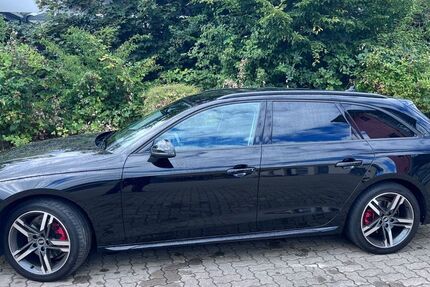 Audi A4 74.000 km 22.999 &euro; Hattingen 45525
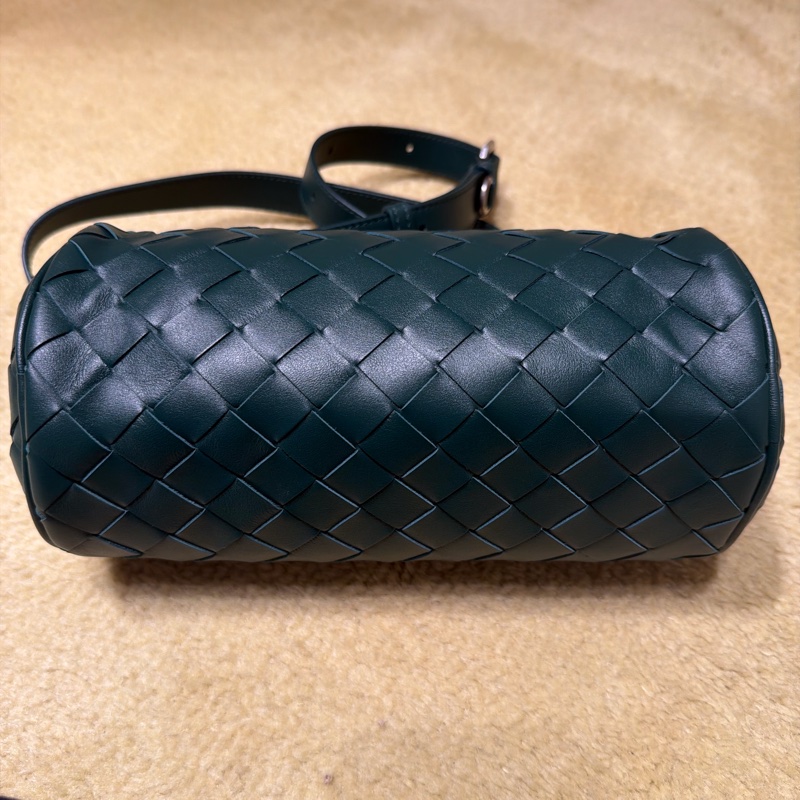 全新BOTTEGA VENETA Intrecciato 桶形斜背單肩包 BV-8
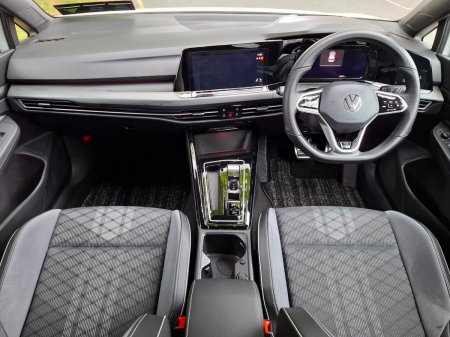 2023 Volkswagen Golf - photo 3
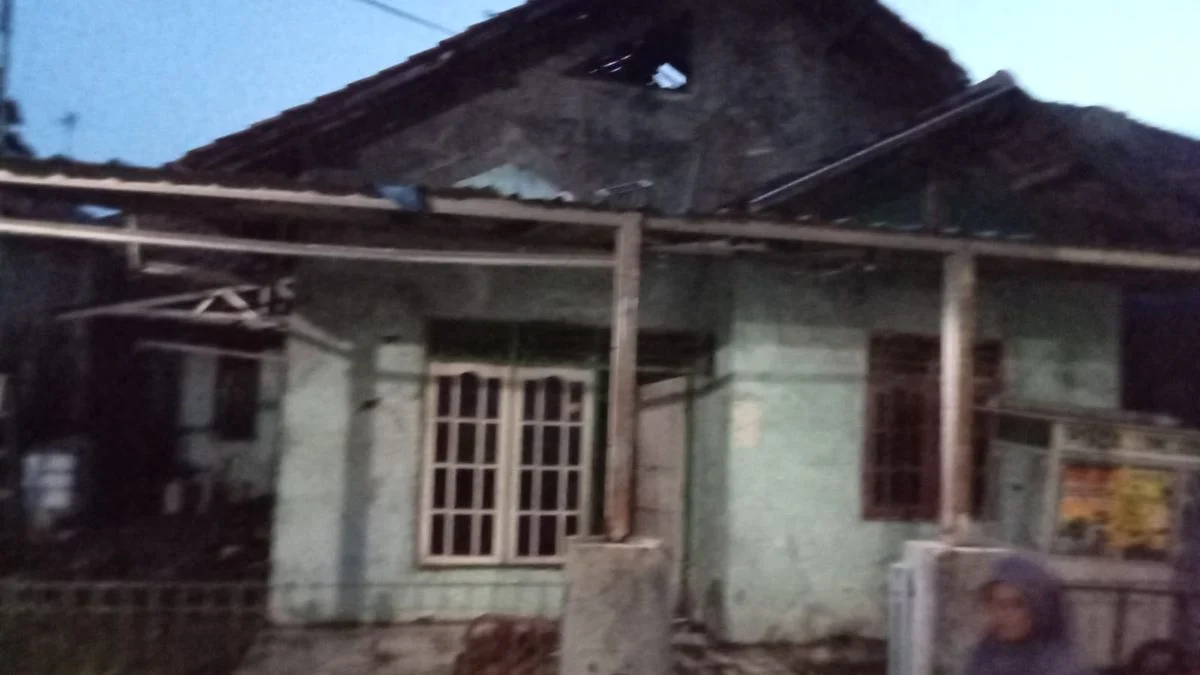 Babinsa Sigap Padamkan Api di Anjatan, Rumah Warga Terbakar Akibat Korsleting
● ● ● ● ●
Line by line, give the material above again exactly, but without any pictures.

Task output:
 Audi A4 74.000 km 22.999 &euro; Hattingen 45525
 全新BOTTEGA VENETA Intrecciato 桶形斜背單肩包 BV-8
 2023 Volkswagen Golf - photo 3
 Babinsa Sigap Padamkan Api di Anjatan, Rumah Warga Terbakar Akibat Korsleting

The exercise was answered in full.